Note that the computed value of $a$ is the same in all 3 cases. When $(i,j) = (1,2)$, we have that

$$a = (1-2)^{-1}(3-7) = 4$$

when $(i,j) = (1,3)$ we have that

$$a = (1-3)^{-1}(3-0) = (-2)^{-1}3 = (-6)3\equiv -18\bmod 11 \equiv 4\bmod 11.$$

Similarly, when $(i,j) = (2,3)$, we have that

$$a = (2-3)^{-1}(7-0) = -7\equiv 4\bmod 11.$$

Next, for any index $i$, we have that $\sigma(0) = \sigma(i) - ai\bmod 11 \equiv \sigma(i) - 4i\bmod 11$. It is straightforward to check that for any pair $(i, \sigma(i))$, namely for $(1, 3)$, $(2,7)$, or $(3,0)$, one obtains $10\bmod 11$ (or $-1\bmod 11$ --- these are the same value).


That all being said, I do not find the explanation of degree reduction in the linked answer to be that clear personally.
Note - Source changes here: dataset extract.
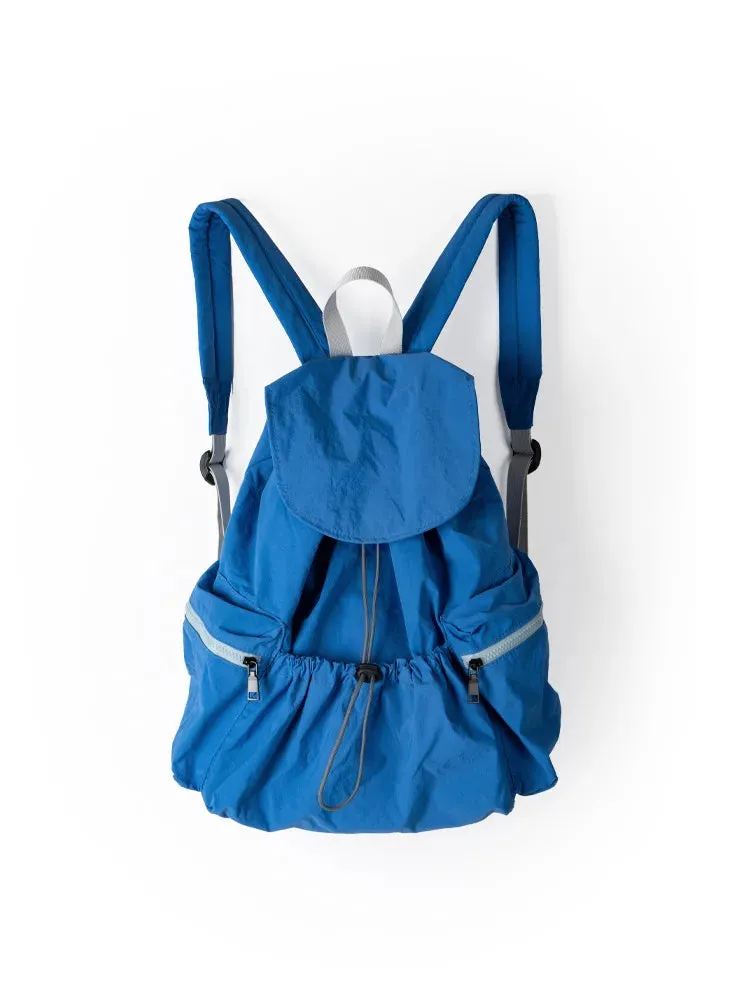 Korean Style New Backpack Fashion Casual Nylon Bags Women Light Large Capacity School Bag Designer Luxury Solid Girl Travel Ins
I have previously explained it here. Roughly, one achieves degree reduction by combining

  1. viewing share interpolation/evaluation as a "change of basis", and
  2. reducing from a degree $2t$ polynomial to a degree $t$ polynomial via projecting onto the first $t$ coordinates (in the appropriate basis).

If you are more comfortable with linear algebra, this gives a clear "geometric" picture of what is happening. Of course, this depends on your background.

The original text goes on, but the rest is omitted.